» **Recorded data**:
━━━━━━━━━━

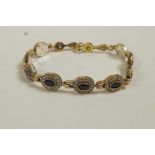 A 925 silver gilt bracelet set with blue hardstones encircled by cubic zirconium, 8" long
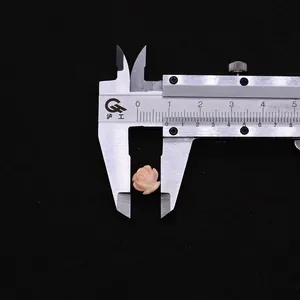 Macro view of 10mm pink synthetic coral rose bead being measured with a caliper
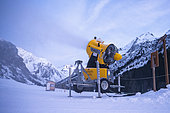 Snow cannon operating at night in the mountains as soon as negative temperatures arrive in order to maintain the snow on the cross-country ski trails of the Champagny le Haut ski area in the Alps, Champagny-en-Vanoise, France.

━━━━━━━━━━

» **Work request**:
What you return must match the material above exactly, minus its pictures.

» **Response box**:
 A 925 silver gilt bracelet set with blue hardstones encircled by cubic zirconium, 8" long
 Macro view of 10mm pink synthetic coral rose bead being measured with a caliper
 Snow cannon operating at night in the mountains as soon as negative temperatures arrive in order to maintain the snow on the cross-country ski trails of the Champagny le Haut ski area in the Alps, Champagny-en-Vanoise, France.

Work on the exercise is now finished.